(Skip down to How NOT to store passwords if you want to jump to the punchline)
You’re Welcome, Hackers
Passwords are the greatest gift we ever gave to the hacker community. An elegant combination of human nature and poor dev choices brings Christmas in July for hackers. And January. And February. And well, every month, yes even December.
We’re witnessing a sharp rise in the number of credentials being stolen and accounts being hijacked across the web. Each new set of hijacked credentials gets a spammer into the inner sanctum of your friends on every social platform where they can spam as you. Spammers create content with links to their websites where they entice people with ads, knockoff products, and scams. Many times, surprisingly, the knockoff products do actually work as promised. In one study, Berkeley researchers purchased many products from these sites and actually received them. In the case of even the knockoff Viagra, the product contained the proper active ingredients!
Spammers are awesome marketers. While their marketing is illegitimate, spammers are highly motivated. They’re great at posting targeted content, getting a lot of views. They typically make a LOT of money by posting content to a site which links back to spammy sites where they monetize users.
To post content, spammers first need a registered account on your site. There are two ways to get accounts. (1) They can make or buy fake accounts to post content. To be successful in this game requires building legitimate looking accounts and a fair amount of effort to get users to click on spammy content.
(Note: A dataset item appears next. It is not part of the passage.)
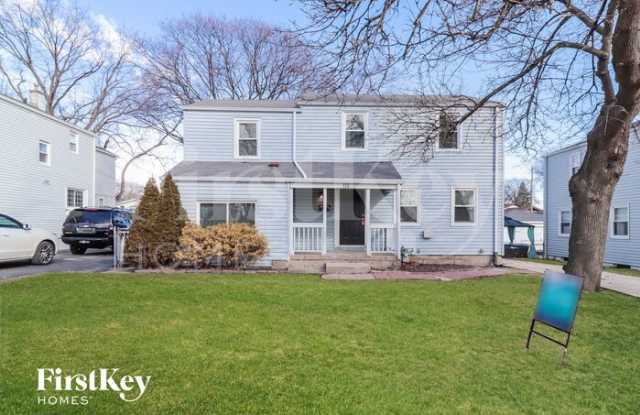 112 West Glenlake Avenue photos photos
A spammer may need to make “friends” with many good users so their posts are visible. (2) Alternatively, spammers can hijack your good account. Now spammers can get their content right in front of your friends’ faces, which typically increases visibility and propensity to click. In this game they must acquire passwords, and they must use them before their competitors use them and before anti-spam security teams discover them.
In one well constructed estimate, spammers can make up to $2.4M in a month. To spam with hijacked accounts, spammers purchase accounts from hackers or employ hackers who try to breach company databases. In the last three years, Adobe leaked 150M emails and passwords, LinkedIn leaked 6.5M, eHarmony 1.5M, Snapchat 4.6M, Gawker 1.3M, Yahoo Voices .5M, Last.FM 2.5M, and Forbes 1M (cite). And there are more. These companies do protect user passwords, however this protection is often disastrously weak in the face of how passwords are used by people and how they’re stored by devs.
Problem the first — Humans
The human brain is a complicated meat sack with many competing inputs and many things to remember. Passwords are a tolerated nuisance. This sack of fats and lipids is also amazingly good at underestimating risk. The result is we users often (A) have simple passwords, or (B) use the same password in many different places, or (C) both.
It’s also common for people to have a set of 3 passwords:
1. Their simple password for Farmville and Candy Crush and Cranberry Silo Security Simulator 2014
2. Their moderate password for Twitter and Facebook and Pinterest and Gmail and Secret
3. Their strong password for their bank (though “strong” is typically an over-exaggeration)
If a hijacker has a user’s password for one site, they generally have it for the rest where it has been “shared”. If I’m a spammer wanting to maximize profits, damn straight I’m going to try these credentials on all sites I can get my hands on. Your website included.
Problem the second — Devs
I listed several sites that leaked their passwords. They all used less than ideal methods for storing passwords. Why? My theory is this sort of thing is just not taught in school or discussed often. Commonly, whoever first wrote user authentication used something that sounded okay. Since that day, nobody has wanted to touch the authentication layer. Is it worth the engineering effort to perform a big scary change in preparation for an event that may never happen?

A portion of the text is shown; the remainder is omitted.